» **Description of the task**:
Copy each line below as written, but skip the pictures.
══════════
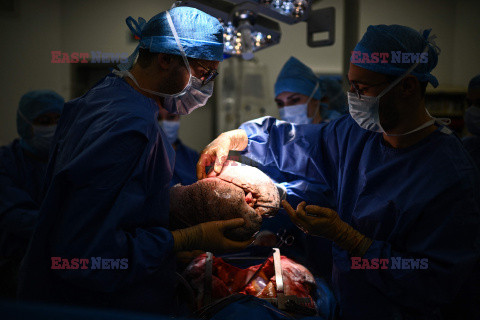 Transplantologia we Francji - AFP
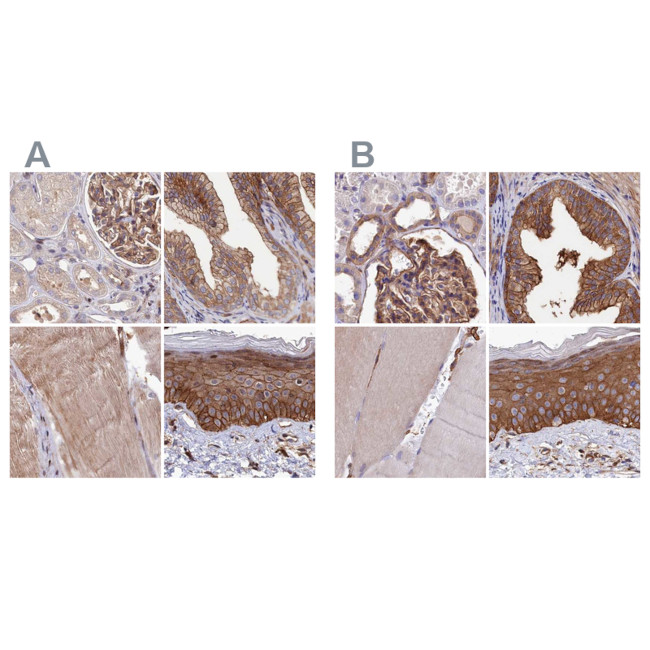 TAB182 Antibody in Immunohistochemistry (IHC)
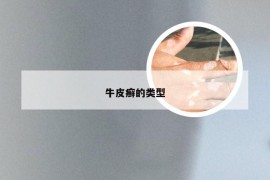 牛皮癣的类型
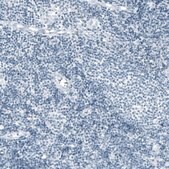 Monoclonal Anti-PRL antibody produced in mouse Prestige Antibodies&#174; Powered by Atlas Antibodies, clone CL6559, purified immunoglobulin, buffered aqueous glycerol solution
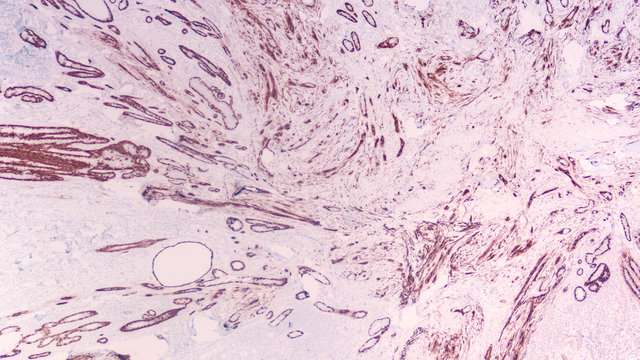 Radial scar of breast is a benign lesion that can mimic cancer by radiology and histology.  Positive immunohistochemistry stain for calponin reveals a myoepithelial layer and confirms it's benign.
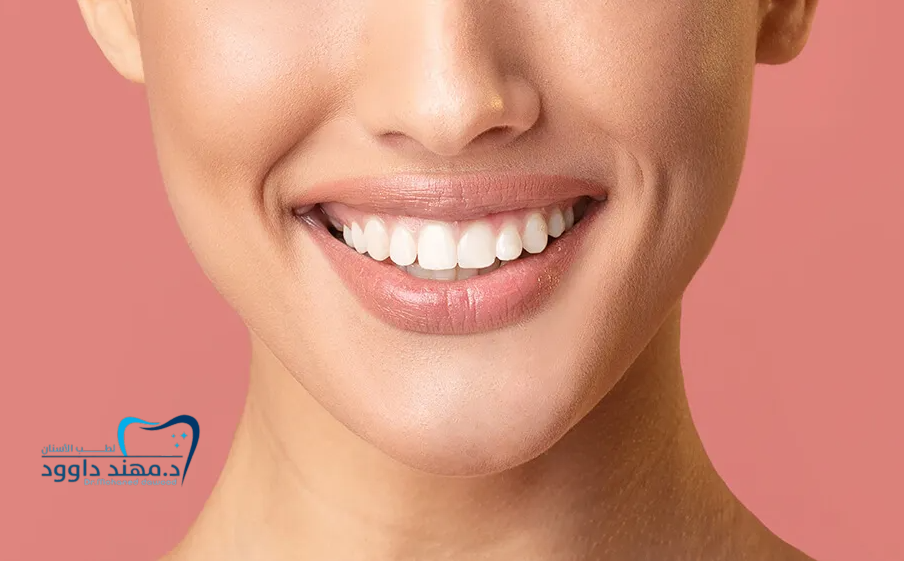 تجميل الأسنان بالفينير: 0545378843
══════════
» **Task output**:
 Transplantologia we Francji - AFP
 TAB182 Antibody in Immunohistochemistry (IHC)
 牛皮癣的类型
 Monoclonal Anti-PRL antibody produced in mouse Prestige Antibodies&#174; Powered by Atlas Antibodies, clone CL6559, purified immunoglobulin, buffered aqueous glycerol solution
 Radial scar of breast is a benign lesion that can mimic cancer by radiology and histology.  Positive immunohistochemistry stain for calponin reveals a myoepithelial layer and confirms it's benign.
 تجميل الأسنان بالفينير: 0545378843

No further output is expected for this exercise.